**TASK STATEMENT**
Go through the material line by line and tally those containing the string "online". Only the tally is wanted.
┄┄┄┄┄┄
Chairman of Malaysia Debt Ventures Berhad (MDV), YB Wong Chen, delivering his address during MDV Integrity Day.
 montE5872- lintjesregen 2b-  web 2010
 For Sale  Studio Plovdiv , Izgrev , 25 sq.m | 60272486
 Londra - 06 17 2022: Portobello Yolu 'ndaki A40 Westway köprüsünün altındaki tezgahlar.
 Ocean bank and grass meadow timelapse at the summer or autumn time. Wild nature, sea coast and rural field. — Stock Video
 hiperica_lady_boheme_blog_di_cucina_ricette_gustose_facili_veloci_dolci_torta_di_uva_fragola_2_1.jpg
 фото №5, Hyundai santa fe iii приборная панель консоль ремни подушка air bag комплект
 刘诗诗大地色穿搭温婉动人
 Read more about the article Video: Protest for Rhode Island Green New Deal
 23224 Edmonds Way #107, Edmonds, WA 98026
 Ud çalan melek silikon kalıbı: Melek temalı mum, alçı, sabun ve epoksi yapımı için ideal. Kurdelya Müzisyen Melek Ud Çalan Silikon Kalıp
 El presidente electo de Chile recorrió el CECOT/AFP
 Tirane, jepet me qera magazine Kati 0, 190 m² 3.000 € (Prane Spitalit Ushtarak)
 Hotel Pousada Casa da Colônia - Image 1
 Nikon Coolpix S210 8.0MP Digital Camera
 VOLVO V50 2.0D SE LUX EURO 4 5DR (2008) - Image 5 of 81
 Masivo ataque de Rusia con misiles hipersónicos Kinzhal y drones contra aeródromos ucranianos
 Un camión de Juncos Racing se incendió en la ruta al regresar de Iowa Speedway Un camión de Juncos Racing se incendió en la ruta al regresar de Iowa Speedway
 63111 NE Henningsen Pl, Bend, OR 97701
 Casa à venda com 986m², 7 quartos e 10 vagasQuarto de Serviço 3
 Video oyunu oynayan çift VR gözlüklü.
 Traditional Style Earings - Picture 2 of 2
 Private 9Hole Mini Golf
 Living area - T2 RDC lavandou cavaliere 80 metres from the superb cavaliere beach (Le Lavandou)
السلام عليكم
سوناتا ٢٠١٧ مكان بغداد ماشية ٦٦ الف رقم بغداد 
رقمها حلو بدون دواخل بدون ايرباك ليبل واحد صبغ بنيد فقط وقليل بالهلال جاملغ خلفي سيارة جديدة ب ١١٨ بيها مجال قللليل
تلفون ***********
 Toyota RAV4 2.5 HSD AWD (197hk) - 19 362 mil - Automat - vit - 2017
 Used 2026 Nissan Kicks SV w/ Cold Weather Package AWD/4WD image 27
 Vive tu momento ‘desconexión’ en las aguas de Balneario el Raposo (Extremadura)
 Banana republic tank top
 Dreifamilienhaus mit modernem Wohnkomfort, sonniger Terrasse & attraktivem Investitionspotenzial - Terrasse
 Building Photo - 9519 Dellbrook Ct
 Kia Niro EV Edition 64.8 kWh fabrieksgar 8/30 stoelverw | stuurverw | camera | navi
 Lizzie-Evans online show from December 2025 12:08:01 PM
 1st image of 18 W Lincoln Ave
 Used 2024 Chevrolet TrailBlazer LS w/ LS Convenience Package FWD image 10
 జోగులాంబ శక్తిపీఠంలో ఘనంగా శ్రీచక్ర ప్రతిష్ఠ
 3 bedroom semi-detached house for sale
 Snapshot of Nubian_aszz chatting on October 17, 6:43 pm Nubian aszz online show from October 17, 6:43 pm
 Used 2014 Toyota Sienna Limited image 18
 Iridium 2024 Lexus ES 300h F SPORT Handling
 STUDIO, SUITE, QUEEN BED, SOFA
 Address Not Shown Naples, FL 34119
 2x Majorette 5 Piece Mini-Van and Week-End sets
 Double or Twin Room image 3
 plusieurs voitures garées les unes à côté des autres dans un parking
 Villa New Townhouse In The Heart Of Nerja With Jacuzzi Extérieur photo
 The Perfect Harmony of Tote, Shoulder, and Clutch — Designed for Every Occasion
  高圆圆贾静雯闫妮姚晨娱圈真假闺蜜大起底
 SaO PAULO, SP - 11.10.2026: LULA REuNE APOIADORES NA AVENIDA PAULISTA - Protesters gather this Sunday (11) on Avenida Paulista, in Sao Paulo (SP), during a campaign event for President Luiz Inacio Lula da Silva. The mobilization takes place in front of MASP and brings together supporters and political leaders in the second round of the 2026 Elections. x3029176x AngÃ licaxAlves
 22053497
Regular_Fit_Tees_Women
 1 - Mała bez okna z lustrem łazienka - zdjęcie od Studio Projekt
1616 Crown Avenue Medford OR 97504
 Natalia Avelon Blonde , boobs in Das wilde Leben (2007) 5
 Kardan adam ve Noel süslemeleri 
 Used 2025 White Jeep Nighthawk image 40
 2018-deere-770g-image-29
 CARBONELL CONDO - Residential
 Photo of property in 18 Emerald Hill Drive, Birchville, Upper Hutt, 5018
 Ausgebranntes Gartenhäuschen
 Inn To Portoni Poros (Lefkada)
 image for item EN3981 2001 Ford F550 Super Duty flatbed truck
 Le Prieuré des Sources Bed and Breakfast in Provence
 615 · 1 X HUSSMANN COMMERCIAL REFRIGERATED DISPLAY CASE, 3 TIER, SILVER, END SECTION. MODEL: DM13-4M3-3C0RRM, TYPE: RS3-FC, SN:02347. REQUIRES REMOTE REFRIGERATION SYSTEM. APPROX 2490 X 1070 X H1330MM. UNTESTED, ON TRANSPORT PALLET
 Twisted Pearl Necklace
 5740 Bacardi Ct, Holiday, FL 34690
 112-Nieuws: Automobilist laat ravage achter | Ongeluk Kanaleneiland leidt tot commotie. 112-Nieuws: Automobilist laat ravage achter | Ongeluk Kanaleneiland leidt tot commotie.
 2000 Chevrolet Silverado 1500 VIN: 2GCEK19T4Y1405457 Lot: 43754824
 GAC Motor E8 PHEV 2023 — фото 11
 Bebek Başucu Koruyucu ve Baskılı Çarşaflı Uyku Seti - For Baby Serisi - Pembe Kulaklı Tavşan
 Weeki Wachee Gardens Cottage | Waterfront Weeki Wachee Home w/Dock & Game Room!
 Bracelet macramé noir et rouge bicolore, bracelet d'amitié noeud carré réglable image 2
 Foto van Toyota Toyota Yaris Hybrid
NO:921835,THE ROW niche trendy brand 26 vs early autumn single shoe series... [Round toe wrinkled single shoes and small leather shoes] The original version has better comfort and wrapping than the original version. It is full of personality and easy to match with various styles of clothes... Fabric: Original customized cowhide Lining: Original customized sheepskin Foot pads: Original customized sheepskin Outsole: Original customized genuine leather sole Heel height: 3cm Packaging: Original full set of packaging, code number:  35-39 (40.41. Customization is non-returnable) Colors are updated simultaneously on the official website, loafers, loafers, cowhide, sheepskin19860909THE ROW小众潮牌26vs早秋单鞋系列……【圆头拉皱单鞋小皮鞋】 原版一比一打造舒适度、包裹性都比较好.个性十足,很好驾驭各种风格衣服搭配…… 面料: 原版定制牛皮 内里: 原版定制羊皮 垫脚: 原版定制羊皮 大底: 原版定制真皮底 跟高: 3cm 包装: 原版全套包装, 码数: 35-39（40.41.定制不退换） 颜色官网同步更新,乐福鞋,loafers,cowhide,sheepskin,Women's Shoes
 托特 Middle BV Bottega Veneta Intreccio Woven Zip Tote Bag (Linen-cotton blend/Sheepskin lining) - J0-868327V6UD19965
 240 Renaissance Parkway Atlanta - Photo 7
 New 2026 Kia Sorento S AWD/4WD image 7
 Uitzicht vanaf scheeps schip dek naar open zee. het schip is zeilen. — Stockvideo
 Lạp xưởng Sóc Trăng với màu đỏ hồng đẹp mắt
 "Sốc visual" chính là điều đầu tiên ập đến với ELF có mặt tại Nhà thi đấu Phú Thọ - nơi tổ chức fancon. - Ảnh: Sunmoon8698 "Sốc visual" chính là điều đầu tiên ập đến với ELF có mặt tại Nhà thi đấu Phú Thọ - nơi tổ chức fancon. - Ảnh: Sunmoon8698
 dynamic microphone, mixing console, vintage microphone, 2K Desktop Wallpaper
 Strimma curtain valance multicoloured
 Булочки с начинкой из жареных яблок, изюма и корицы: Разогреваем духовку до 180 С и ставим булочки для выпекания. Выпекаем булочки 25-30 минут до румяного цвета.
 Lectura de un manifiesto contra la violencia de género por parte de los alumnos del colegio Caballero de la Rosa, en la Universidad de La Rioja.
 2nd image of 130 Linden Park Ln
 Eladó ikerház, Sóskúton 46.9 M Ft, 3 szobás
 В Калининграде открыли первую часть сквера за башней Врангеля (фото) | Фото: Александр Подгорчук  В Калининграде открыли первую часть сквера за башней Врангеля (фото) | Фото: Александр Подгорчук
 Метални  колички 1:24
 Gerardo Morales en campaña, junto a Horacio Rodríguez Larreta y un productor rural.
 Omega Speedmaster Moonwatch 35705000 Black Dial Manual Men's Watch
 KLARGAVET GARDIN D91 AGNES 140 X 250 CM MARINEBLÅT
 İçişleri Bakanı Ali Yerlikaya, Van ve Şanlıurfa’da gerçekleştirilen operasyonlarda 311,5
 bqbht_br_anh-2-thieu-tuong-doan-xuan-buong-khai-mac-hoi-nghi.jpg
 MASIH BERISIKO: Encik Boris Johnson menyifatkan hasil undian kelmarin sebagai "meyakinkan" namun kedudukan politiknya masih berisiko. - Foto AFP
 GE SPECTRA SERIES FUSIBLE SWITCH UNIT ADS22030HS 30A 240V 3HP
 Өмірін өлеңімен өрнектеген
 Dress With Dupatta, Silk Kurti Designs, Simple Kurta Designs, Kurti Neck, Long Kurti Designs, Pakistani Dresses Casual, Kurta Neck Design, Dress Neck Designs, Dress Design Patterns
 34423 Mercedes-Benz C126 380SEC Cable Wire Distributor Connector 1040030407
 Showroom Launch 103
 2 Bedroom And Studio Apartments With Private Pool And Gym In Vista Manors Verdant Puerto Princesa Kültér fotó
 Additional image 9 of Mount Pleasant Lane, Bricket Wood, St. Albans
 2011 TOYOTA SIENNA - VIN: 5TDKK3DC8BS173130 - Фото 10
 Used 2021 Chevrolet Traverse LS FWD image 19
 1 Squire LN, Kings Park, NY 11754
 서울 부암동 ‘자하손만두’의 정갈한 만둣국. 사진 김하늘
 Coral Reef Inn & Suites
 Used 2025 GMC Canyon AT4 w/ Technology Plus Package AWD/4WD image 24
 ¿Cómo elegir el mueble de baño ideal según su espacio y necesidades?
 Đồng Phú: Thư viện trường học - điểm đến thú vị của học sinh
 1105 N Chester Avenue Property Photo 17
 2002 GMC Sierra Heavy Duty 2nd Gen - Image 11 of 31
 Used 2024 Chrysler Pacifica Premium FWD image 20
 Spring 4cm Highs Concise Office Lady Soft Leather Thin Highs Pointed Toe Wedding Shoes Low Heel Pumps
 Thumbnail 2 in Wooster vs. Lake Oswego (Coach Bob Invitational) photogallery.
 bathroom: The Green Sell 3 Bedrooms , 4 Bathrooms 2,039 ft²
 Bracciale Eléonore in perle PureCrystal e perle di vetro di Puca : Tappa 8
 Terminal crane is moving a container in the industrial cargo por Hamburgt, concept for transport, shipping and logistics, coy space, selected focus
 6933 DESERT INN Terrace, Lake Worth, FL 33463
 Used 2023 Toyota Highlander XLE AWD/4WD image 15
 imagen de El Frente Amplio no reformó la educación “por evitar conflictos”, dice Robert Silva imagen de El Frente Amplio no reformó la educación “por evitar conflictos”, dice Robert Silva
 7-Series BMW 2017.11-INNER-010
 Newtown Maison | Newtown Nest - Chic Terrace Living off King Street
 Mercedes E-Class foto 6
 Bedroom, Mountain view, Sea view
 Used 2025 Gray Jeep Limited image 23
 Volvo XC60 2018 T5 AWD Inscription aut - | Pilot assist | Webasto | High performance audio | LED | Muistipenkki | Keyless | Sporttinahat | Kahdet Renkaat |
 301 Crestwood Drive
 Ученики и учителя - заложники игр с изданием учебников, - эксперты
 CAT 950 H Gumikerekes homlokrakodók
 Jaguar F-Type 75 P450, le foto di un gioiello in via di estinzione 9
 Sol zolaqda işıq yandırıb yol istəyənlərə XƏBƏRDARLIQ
┄┄┄┄┄┄
**SOLUTION TO THIS TASK**
2